Citation:  Transactions of the ASABE. 60(6): 1809-1817. (doi: 10.13031/trans.11557) @2017
Authors:   Farid Breidi, Jordan Garrity, John Lumkes
Keywords:   Agricultural equipment, Digital hydraulics, Efficiency improvement, Hydraulic pump/motor.

Abstract. Hydraulic systems are prevalent in agricultural machinery and equipment and can be found transmitting power for vehicle drive wheels, powering attachments, and controlling motion (booms, steering, load height, etc.). Agricultural applications of fluid power have advanced in terms of capability and efficiency, but opportunities remain for significant improvements in efficiency, noise reduction, and reliability. The average system-level hydraulic efficiency of current mobile agricultural machines is only 21.1%. Because nearly all hydraulic systems use pumps to convert engine power to fluid power, improving the efficiency of the pumps (and motors when used as actuators) significantly impacts the system efficiency. This work examines the impact of using more efficient digital pump/motors to improve the overall efficiency of agricultural equipment, such as tractors, harvesters, planters, fertilizers, sprayers, and attachments. Maintaining higher pump/motor efficiency throughout the operating range is the central principal for the energy savings. Currently used variable-displacement pumps have low efficiencies at low displacement levels due to constant losses that do not scale with the power produced.
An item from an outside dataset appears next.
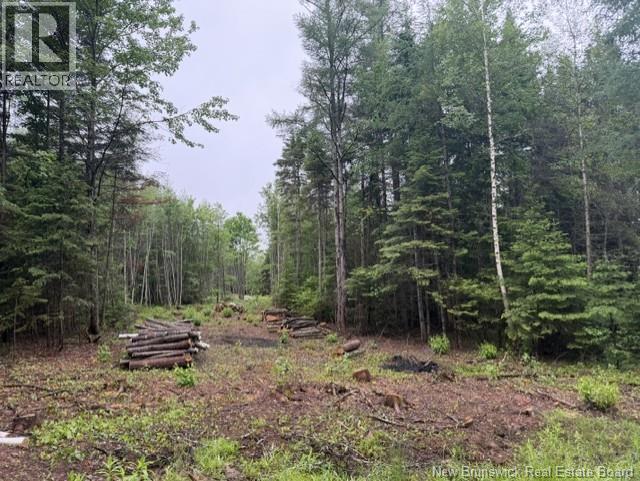 Lot 2 W P Black Lane, New Canaan, New Brunswick  E4Z 5X5 - Photo 2 - NB142333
Digital pump/motors minimize these inefficiencies because energy losses scale more closely with the power produced. Experimental results indicate an average efficiency of 85% when operating at 20% to 100% displacement. This efficiency is 15% to 20% higher on average than with current variable-displacement axial piston pumps. This study demonstrates that achieving this improvement in the efficiency of the pump/motors used in tractors and harvesters alone would conservatively save $61.7 million worth of energy annually for end users in the U.S. agricultural sector.